+++ Data segment

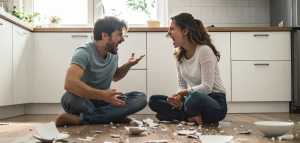 Husband and wife yelling at each other on the kitchen floor with broken plates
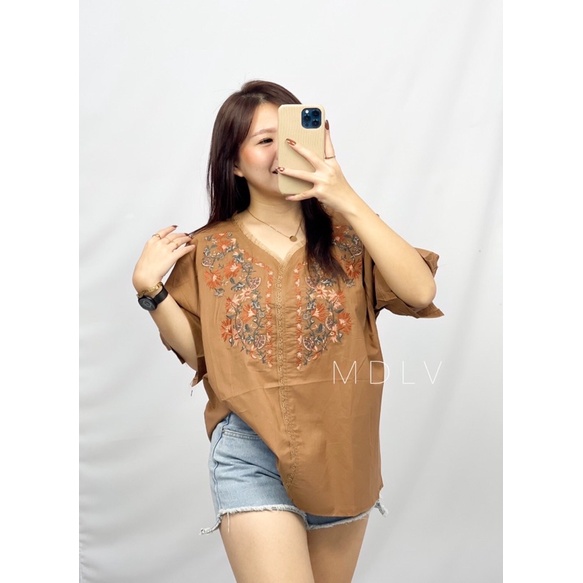 MDLV ~ 5072 Jocelynn Embroidered Top Atasan Blouse Wanita Fashion import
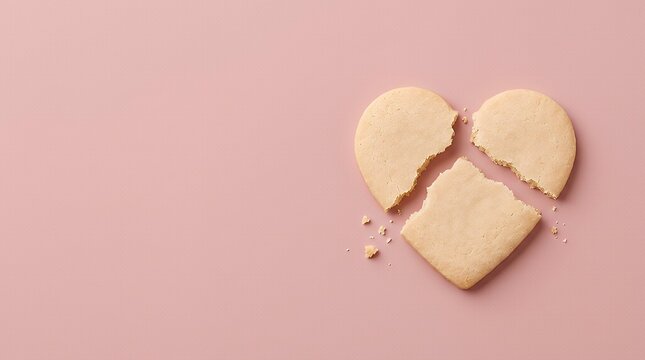 A poignant and symbolic image of a broken heart-shaped cookie on a pink background representing the end of a relationship loneliness divorce separation heartbreaker heartache mental health and family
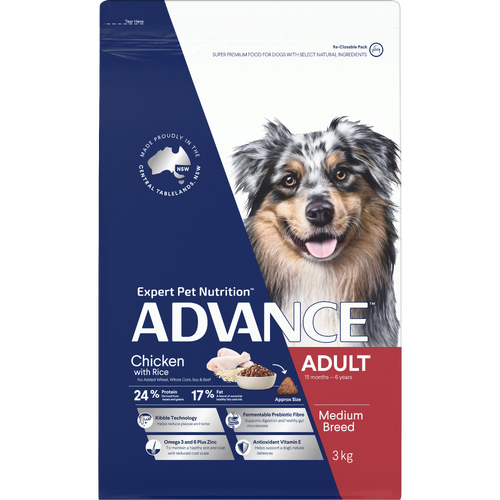 Advance Adult Medium Breed Dry Dog Food Chicken with Rice 3kg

++++++

What is needed is a word-for-word copy of the data, minus its pictures.

 Husband and wife yelling at each other on the kitchen floor with broken plates
 MDLV ~ 5072 Jocelynn Embroidered Top Atasan Blouse Wanita Fashion import
 A poignant and symbolic image of a broken heart-shaped cookie on a pink background representing the end of a relationship loneliness divorce separation heartbreaker heartache mental health and family
 Advance Adult Medium Breed Dry Dog Food Chicken with Rice 3kg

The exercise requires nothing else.